Within a year, Ann’s reading level jumped four grade levels. With support from the entire school and new relationships with non-disabled peers, Ann blossomed socially as well.

“I often wonder that if she had gotten all this starting in 1st grade, who knows?” says Hernandez. “Maybe she would be further along. Maybe she wouldn’t need all this remediation. We lost five years of her life. Last year, she was a little girl who hung out with kids who were 7 and 8 years old. Now she’s with kids her own age. She has a crush on a boy, she has girlfriends calling her all the time. She’s more social and goes to movies with her friends.”

Terrie Rymer, the Jewish Federation attorney who took Ann’s case, says she has handled “dozens” of similar cases in the past eight years across CPS.

“The schools frequently do not do a sophisticated assessment of these kids to begin with, and even when they do mediocre assessments, they don’t even meet the needs stated in those,” Rymer says. “In many cases, they just don’t get it when it comes to kids with emotional problems. Sometimes those kids are depressed, not learning disabled. I think that’s rampant in the system, and I’ve been all over the city.

‘Some great schools’

She adds: “I have seen some great schools, some real bright spots, though, schools that do a great job. Some schools do evaluations very well, and they have talented teachers. On the other hand, you just look at others and you know they don’t have a clue. If it wasn’t for the Office of Monitoring and Compliance, I don’t know how many of these cases would get solved, but even the people in Monitoring and Compliance are spread too thin. They have too many cases.”
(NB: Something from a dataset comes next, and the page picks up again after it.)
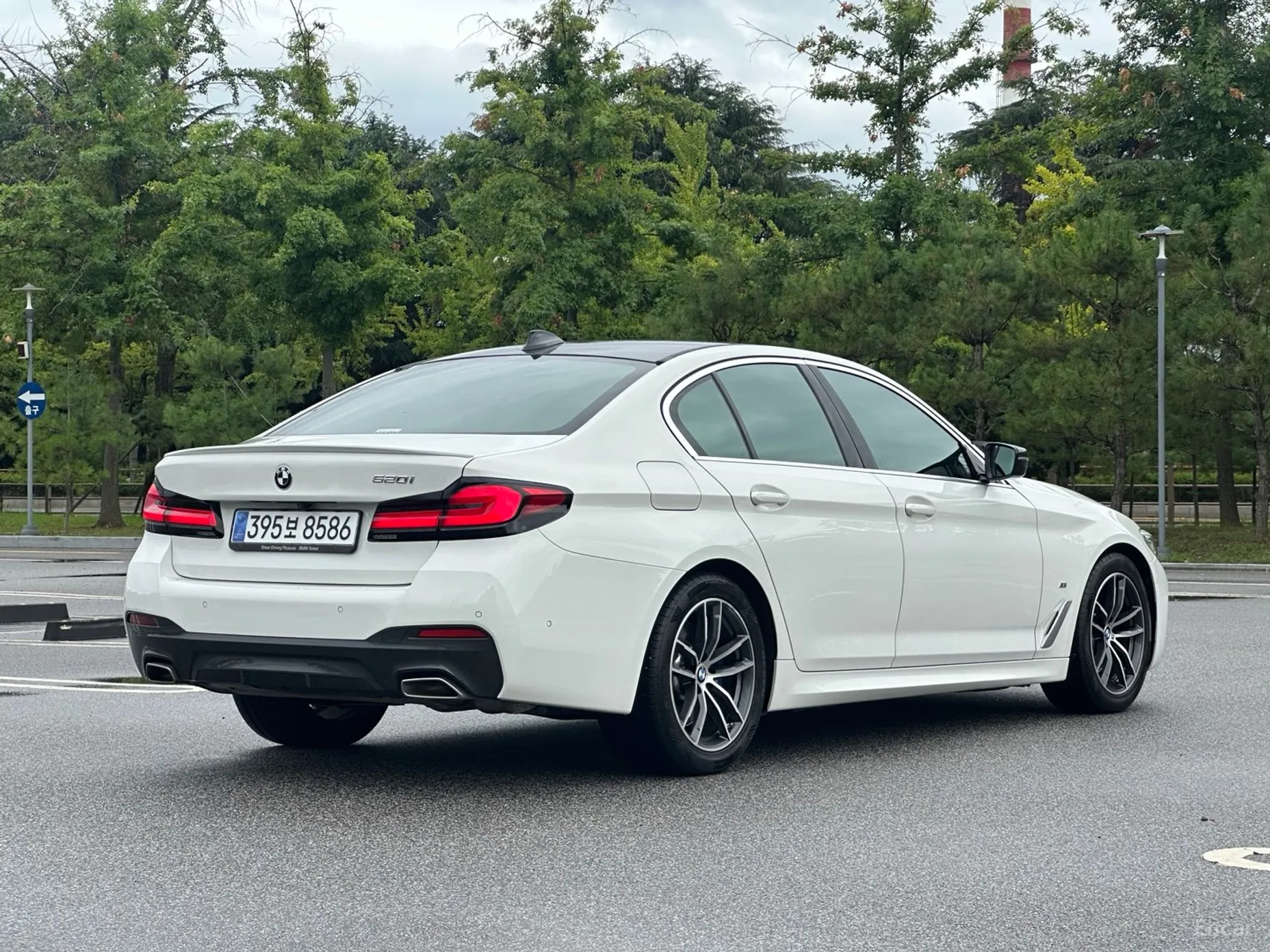 BMW 5 Series (G30) превью 2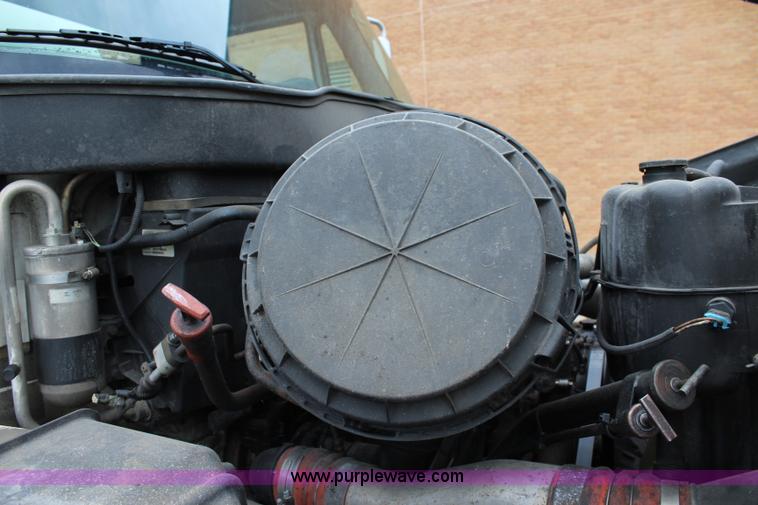 image for item J3680 2005 International 7600 tank truck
Sabin Principal Edward Peacock says his school has been doing inclusion for years. “We try to be like Rousseau,” he says, elaborating on the ideas of the 18th century French philosopher. Jean Jacques Rousseau believed that humans are by nature good, that society corrupts them and that the goal of education is to draw out their goodness.

“It does help that there are these big suits,” he says. “It means the administration is backing us up. We’ve basically been doing inclusion under the table. It was somewhat difficult initially to get teachers to understand you can’t segregate kids, but you just keep banging away. Most difficult for them was knowing what a modified curriculum would look like. What it boiled down to, after we argued about it was, essentially, they just wanted permission from me [to do inclusion]. They wanted to know that I would be willing to take the heat.”

Even without extra resources, Sabin has been able to include about 16 of its 44 special education students in regular classes for at least part of every day. The school’s total enrollment is 540.

Scott Allman, Sabin’s special education case manager and counselor, doesn’t see how it can do more without more staffing. “We did an IEP yesterday on a new child who would have been perfect for inclusion,” he says, “but we just couldn’t do it. If we had another teacher, we could.”

If the School Board wants schools to reallocate staff to accomplish inclusion, he says, Sabin has done it. “There are not people doing nothing around here. Everybody is working hard.”

Hernandez says parents must “get involved in their disabled kids’ education and their IEPs. Insist that you be part of your child’s education. Visit the school often and document everything you can. Involvement is really the key to seeing that your child is getting the services that he or she needs.”

“We are urging parents to press for their children to be educated in least restrictive environment settings,” says Sharon Weitzman Soltman, an attorney for Designs for Change, a plaintiff in the lawsuit that is forcing systemwide change in Chicago.

“There is a lot of good will out there and in the central administration, but it’s still going to be a struggle for [parents] sometimes,” Soltman says. “You still have to press and look for support from other parents and people within the CPS. You are entitled to that support. Take advantage of the opportunities presented; try to see what’s available to you.”